Mullen was asked about Lingard’s role. He chalked it up to Lingard's competitive nature, while adding the season is in its infancy and Lingard’s role may expand as the season progresses.
"Yeah, the guys want to play and guys are competitive and want to get on the field. I think guys, at different positions, as I said, it's a long season, there's a lot of opportunities. We talked about that with guys.”
Mullen compared Lingard’s situation to that of Florida’s reserve tight ends in 2020, Kemore Gamble and Keon Zipperer, two upperclassmen now playing significant roles on offense this season.

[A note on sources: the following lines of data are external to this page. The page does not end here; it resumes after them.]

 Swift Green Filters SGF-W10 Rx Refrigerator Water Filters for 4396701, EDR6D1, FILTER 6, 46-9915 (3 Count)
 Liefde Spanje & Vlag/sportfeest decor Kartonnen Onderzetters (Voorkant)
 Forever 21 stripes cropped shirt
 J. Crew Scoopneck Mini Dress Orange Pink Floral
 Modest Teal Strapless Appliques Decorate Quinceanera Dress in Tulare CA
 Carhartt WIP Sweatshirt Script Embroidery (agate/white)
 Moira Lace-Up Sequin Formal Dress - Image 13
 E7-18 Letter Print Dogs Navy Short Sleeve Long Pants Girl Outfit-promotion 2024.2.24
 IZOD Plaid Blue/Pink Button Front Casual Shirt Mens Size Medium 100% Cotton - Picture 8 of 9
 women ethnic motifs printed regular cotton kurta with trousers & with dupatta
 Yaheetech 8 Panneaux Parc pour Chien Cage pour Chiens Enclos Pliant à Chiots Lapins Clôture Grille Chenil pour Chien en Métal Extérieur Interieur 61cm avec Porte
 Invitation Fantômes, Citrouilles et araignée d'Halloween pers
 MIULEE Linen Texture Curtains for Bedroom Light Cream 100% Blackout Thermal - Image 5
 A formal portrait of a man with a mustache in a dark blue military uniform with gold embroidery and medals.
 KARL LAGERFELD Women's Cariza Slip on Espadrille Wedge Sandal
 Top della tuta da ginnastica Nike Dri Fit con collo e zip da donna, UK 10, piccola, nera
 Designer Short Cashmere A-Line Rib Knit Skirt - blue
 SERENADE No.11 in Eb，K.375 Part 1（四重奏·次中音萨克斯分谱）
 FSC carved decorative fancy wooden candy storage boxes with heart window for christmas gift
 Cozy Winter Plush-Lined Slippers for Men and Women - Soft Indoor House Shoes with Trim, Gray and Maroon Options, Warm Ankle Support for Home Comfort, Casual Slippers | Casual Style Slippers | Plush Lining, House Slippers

At the time, Gamble had seniority in the room, but he often didn’t see significant playing time with future first-round pick Kyle Pitts commanding the majority of the reps. As many remember, Pitts suffered a helmet-to-helmet hit in Florida’s victory over Georgia, leading him to miss the remainder of the contest and the ensuing two games, which cleared the way for Gamble and Zipperer to display their talents. The 6-foot-4 Gamble would go on to record six receptions for 117 yards and three touchdowns, while Zipperer would record a pair of touchdowns against Arkansas the following week. The mid-season playing time clearly set both players up for a larger role in 2021, and both Gamble and Zipperer head into the match-up with the Volunteers having hauled in passes the week prior after not recording a catch in UF’s first two contests.
The message for Lingard is the same as it is for Gamble and Zipperer: patience.
“One of the interesting ones, and if you looked, our first two games, I don't think our tight ends had any catches, and they had a bunch on Saturday. So, within how the game plan works from week to week, how we want to attack a team, what they're giving us, I think there's ebbs and flows in that,” Mullen said. “Last year we had Kyle Pitts here, and there were games where he would come in and know 'I might not have many catches or touches this game because how they're going to try to eliminate me from the game, but that's going to open up a lot of other things' – you've got to have that understanding, that maturity that, 'Hey, through the course of the season I'm going to have all my opportunities to make plays."
Night kickoff on Bluegrass
The kickoff time and TV network for the Oct. 2 game between Florida at Kentucky will depend on this Saturday’s games, the Southeastern Conference announced Monday.
The game will either take place at 6 p.m. on ESPN or 7 p.m. on the SEC Network.